Credit Suisse appoints chief risk officer
Credit Suisse has appointed Goldman Sachs banker David Wildermuth as the lender's new chief risk officer. He will replace Lara Warner, who left in April. Credit Suisse has been tightening up on risk management in the wake of scandals linked to finance firm Greensill Capital and family office Archegos Capital. Joachim Oechslin, Credit Suisse’s chief risk officer until 2019, took over responsibility for risk management when Ms Warner left. He will return to his role as strategic adviser to chief executive Thomas Gottstein when Mr Wildermuth steps in as risk chief.

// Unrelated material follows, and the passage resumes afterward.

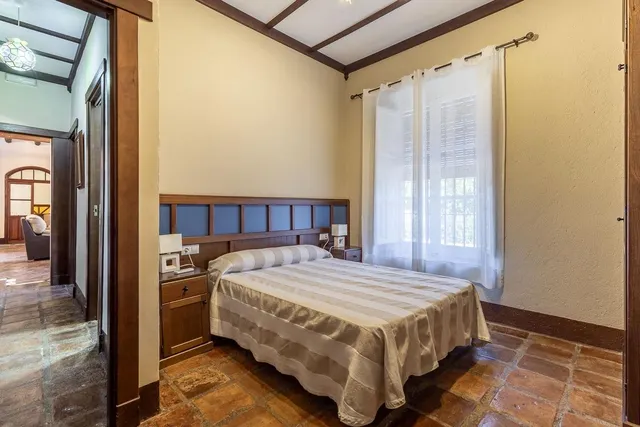**NEGOCIO CONSOLIDADO DE EVENTOS Y ALOJAMIENTO TURÍSTICO EN UNA ESPECTACULAR FINCA ANDALUZA CERCA DE GRANADA** — 11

Private equity firm puts all its employees on vacation
New York headquartered private equity firm Aquiline Capital Partners is putting all staff on vacation in a move that is intended to recognize the efforts made by employees in the high-stakes world of dealmaking and avoid burnout from the physical and mental pressures of the pandemic. Aquiline has more than $6bn in assets and over 60 employees in New York and at its  London office. All internal meetings have been cancelled for the week and staff have been instructed to refrain from phone calls, emails and chatroom messages. An employee will step in if a company owned by Aquiline has an emergency. Reuters notes that the public health emergency has precipitated increased awareness of Wall Street’s work-centred culture and its impact on health. Workers have been speaking out, and employers have been looking at ways to reward them and address the effects of stress. “It’s definitely unusual,” Doug Haynes, president of Council Advisors, a consulting firm that works with senior executives, said of Aquiline’s move.

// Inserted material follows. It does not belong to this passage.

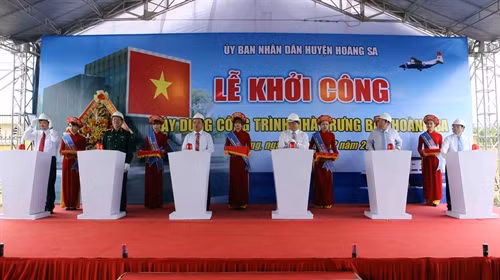 Nhấn nút khởi công Nhà trưng bày Hoàng Sa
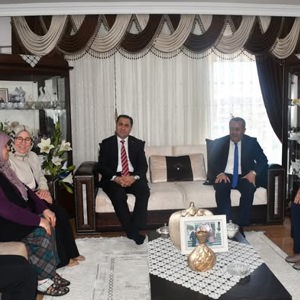 Çocuk Hizmetleri Genel Müdürlüğü Rehberlik ve Toplumsal Destek Hizmetleri Daire Başkanı Sayın Ayşe Türkay Aydemir ve Personel Genel Müdürlüğü Daire Başkanı Sayın Mustafa Şimşek ile birlikte, Şehit Ailemize Ziyaret - fotoğraf 5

FCA fires warning to platforms over IT outages
The FCA has warned investment platforms it will no longer tolerate outages during busy market periods and will ramp up its supervisory work to ensure platforms’ operational resilience. In a Dear CEO letter, the FCA said multiple investment platforms suffered systems outages on 9 November 2020, the day Joe Biden secured victory in the US presidential election, triggering record trading volumes. Although the FCA did not name specific platforms, Hargreaves Lansdown and AJ Bell suffered technical issues that prevented many clients trading on 9 November. The FCA said it will no longer accept information technology (IT) outages when the markets are particularly volatile, and investment platforms need to ensure they have contingency plans in place.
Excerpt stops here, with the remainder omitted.